There are a lot of neat effects you can do in photoshop to change the appearance of your images, but did you know there are settings on your camera that can alter the way your subject looks without ever putting it into an editing program? What if you want to stop a runner in their tracks, or better yet, show how much faster they are moving then everyone else? All you have to understand is your shutter speed.
Shutter speed is how quickly the shutter opens and closes on your camera. To better understand what the numbers mean just remember, the higher the number the faster your shutter speed, the lower the number the slower your shutter speed.

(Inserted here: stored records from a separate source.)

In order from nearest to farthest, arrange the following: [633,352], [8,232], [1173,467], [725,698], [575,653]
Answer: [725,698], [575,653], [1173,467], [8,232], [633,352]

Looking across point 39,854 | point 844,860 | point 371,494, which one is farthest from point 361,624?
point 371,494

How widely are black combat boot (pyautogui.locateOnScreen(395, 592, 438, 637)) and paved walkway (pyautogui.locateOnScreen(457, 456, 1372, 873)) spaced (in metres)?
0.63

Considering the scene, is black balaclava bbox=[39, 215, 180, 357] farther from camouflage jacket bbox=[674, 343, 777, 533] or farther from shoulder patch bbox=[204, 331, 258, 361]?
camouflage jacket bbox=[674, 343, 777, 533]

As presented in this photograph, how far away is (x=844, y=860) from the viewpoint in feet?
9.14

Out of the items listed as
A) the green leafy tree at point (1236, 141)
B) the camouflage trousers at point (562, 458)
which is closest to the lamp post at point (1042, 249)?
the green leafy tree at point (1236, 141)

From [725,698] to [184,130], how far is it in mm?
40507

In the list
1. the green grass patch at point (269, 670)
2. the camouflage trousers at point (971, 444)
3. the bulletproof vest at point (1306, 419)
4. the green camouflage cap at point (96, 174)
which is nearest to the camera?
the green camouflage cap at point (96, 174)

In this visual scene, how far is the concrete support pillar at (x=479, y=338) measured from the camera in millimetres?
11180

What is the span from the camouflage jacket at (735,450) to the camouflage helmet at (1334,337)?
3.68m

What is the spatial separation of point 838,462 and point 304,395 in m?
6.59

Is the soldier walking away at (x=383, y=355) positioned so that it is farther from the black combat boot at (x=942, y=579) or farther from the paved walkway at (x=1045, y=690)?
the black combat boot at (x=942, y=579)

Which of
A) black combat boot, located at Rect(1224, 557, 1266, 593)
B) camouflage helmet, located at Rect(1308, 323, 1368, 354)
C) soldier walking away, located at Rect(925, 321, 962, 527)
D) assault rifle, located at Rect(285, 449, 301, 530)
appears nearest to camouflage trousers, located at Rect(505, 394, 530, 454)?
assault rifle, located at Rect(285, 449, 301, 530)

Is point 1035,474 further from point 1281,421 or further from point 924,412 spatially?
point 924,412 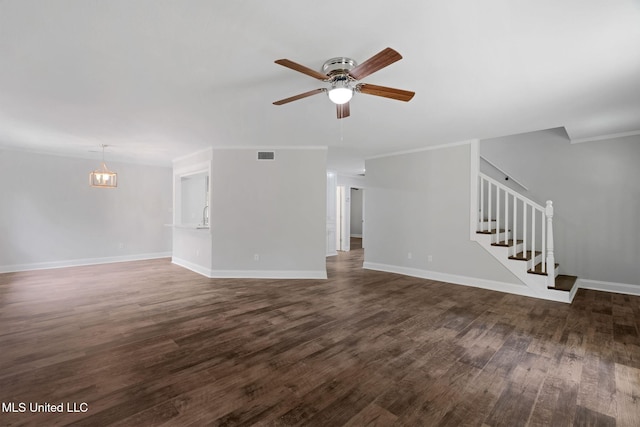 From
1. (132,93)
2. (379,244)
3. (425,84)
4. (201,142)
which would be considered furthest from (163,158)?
(425,84)

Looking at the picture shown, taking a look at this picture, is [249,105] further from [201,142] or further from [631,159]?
[631,159]

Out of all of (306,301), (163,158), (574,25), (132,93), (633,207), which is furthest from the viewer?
(163,158)

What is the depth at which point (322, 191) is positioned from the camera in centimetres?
532

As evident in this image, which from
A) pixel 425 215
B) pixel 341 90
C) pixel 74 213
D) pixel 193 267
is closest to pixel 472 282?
→ pixel 425 215

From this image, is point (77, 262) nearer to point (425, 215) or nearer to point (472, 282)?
point (425, 215)

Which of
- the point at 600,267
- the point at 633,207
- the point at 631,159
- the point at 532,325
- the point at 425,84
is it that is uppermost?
the point at 425,84

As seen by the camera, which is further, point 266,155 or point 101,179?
point 101,179

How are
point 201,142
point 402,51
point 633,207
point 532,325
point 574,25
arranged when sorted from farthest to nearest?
1. point 201,142
2. point 633,207
3. point 532,325
4. point 402,51
5. point 574,25

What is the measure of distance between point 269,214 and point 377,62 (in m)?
3.90

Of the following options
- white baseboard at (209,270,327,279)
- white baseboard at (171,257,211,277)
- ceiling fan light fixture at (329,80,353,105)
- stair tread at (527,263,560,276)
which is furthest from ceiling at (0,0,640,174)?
white baseboard at (171,257,211,277)

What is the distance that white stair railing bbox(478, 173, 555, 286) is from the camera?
4078 millimetres

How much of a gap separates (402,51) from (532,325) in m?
3.22

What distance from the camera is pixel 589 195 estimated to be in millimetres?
4727

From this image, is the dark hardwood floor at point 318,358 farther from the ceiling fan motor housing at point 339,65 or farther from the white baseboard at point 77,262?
the ceiling fan motor housing at point 339,65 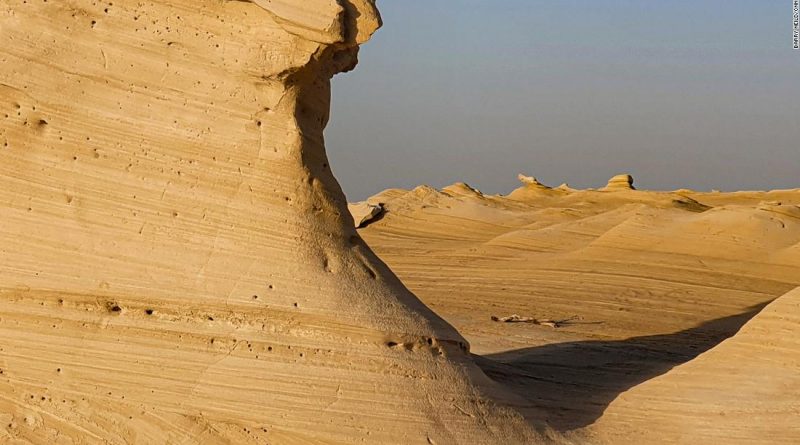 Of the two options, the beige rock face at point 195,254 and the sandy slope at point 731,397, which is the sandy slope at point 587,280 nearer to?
the sandy slope at point 731,397

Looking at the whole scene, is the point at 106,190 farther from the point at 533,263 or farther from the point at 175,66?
the point at 533,263

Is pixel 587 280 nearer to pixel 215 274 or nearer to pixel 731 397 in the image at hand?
pixel 731 397

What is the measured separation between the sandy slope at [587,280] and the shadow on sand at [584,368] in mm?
18

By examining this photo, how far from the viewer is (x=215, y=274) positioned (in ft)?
20.3

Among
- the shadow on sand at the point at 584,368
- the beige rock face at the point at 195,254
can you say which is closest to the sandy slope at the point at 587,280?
the shadow on sand at the point at 584,368

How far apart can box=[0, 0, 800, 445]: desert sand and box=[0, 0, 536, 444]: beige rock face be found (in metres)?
0.01

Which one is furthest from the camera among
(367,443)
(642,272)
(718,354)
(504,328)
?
(642,272)

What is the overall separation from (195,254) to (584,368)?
13.7ft

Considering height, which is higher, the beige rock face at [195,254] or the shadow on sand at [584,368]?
the beige rock face at [195,254]

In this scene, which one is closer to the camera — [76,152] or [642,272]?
Answer: [76,152]

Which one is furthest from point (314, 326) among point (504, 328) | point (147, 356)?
point (504, 328)

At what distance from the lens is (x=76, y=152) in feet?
21.2

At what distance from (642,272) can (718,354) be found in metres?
8.57

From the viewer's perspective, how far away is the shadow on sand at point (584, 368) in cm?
730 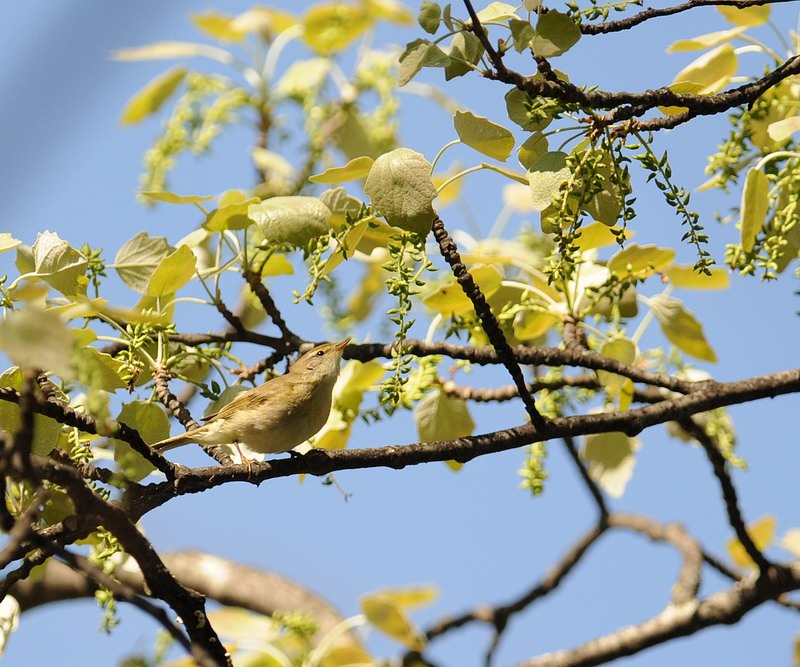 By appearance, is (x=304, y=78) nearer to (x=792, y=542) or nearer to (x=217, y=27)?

This affects two very important aspects in your images, first is the amount of light that is being allowed into the camera. These images were all taken with the same camera settings, the only thing that changed was the shutter speed. We needed to get more light into the camera in order to make the exposure correct, so by lowering our shutter speed more light was let into the camera.
The second thing affected is how much movement is either stopped or shown in your image. For example, if you would like to capture a bird landing on the water you could use a higher shutter speed which would “freeze” the bird in place.
A good rule to remember if you are trying to stop action, whether that is at a soccer game or you just have a very busy kiddo that will not sit still. You need to have your shutter speed set at 1/500 or HIGHER, otherwise you will most likely see some blur in your images from where movement was occurring. If you have lots of daylight to work with 1/1000 is a good number to stay at (especially for sporting events.)
If you would like to make the image a little more dramatic, you could show the bird’s wings were actually moving as it landed. You would do this by lowering your shutter speed.
For those that don’t know, Eric is a pretty awesome photographer and has taken some pretty stellar pictures. While at a restaurant he noticed this waiter that was quickly moving about. Instead of just freezing the action, he wanted to show that this waiter was really moving from table to table. So he slowed his shutter speed which gave the appearance of movement and made the image much more interesting. In order to achieve this look Eric focused on the waiter and moved or “panned” his lens with the waiter. This gives the blurry background and keeps the man in focus.
One last thing to remember, there are limits to how slow you can actually handhold the camera without having unintentional movement show in your images from you breathing, or your hands shaking. Generally the rule of thumb is based on how long your lens is. If you have an 80mm lens a shutter speed lower then 1/80 has a good chance of showing your movement.